<<<<

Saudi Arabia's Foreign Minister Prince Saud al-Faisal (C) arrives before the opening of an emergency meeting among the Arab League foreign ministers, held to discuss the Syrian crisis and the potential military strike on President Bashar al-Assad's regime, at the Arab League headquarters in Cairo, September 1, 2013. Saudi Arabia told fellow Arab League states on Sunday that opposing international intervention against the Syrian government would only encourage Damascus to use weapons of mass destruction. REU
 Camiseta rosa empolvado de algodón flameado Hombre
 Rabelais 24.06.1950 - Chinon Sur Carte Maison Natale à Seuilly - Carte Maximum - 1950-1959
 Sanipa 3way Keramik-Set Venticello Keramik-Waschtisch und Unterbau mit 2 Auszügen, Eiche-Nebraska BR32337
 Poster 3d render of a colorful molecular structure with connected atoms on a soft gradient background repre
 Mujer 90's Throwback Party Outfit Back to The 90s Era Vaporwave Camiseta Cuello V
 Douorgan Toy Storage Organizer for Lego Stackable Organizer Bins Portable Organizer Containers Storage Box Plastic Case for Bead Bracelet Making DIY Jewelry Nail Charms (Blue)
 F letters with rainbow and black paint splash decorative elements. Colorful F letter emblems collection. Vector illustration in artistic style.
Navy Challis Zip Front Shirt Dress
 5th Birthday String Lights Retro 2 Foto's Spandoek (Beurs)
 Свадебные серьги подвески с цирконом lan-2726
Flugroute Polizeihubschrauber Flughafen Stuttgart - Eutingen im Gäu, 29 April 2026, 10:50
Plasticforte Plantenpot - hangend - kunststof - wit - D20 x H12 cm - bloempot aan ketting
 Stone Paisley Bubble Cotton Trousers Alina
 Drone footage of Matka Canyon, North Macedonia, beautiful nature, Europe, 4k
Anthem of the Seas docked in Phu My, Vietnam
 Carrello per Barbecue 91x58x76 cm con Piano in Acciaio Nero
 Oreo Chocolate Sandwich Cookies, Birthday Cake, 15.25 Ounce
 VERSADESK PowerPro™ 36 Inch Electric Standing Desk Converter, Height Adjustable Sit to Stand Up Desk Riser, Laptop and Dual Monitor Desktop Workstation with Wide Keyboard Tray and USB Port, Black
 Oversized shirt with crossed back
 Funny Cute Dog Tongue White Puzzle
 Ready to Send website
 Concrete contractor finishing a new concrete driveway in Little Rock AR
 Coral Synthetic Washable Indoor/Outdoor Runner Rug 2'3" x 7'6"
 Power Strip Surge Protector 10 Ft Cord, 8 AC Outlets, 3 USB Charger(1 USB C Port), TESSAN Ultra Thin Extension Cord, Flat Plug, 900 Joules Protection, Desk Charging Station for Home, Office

>>>>

■ **Task directions**
Report all lines in the records that include the string "Desk".

■ **Answer for this exercise**
 VERSADESK PowerPro™ 36 Inch Electric Standing Desk Converter, Height Adjustable Sit to Stand Up Desk Riser, Laptop and Dual Monitor Desktop Workstation with Wide Keyboard Tray and USB Port, Black
 Power Strip Surge Protector 10 Ft Cord, 8 AC Outlets, 3 USB Charger(1 USB C Port), TESSAN Ultra Thin Extension Cord, Flat Plug, 900 Joules Protection, Desk Charging Station for Home, Office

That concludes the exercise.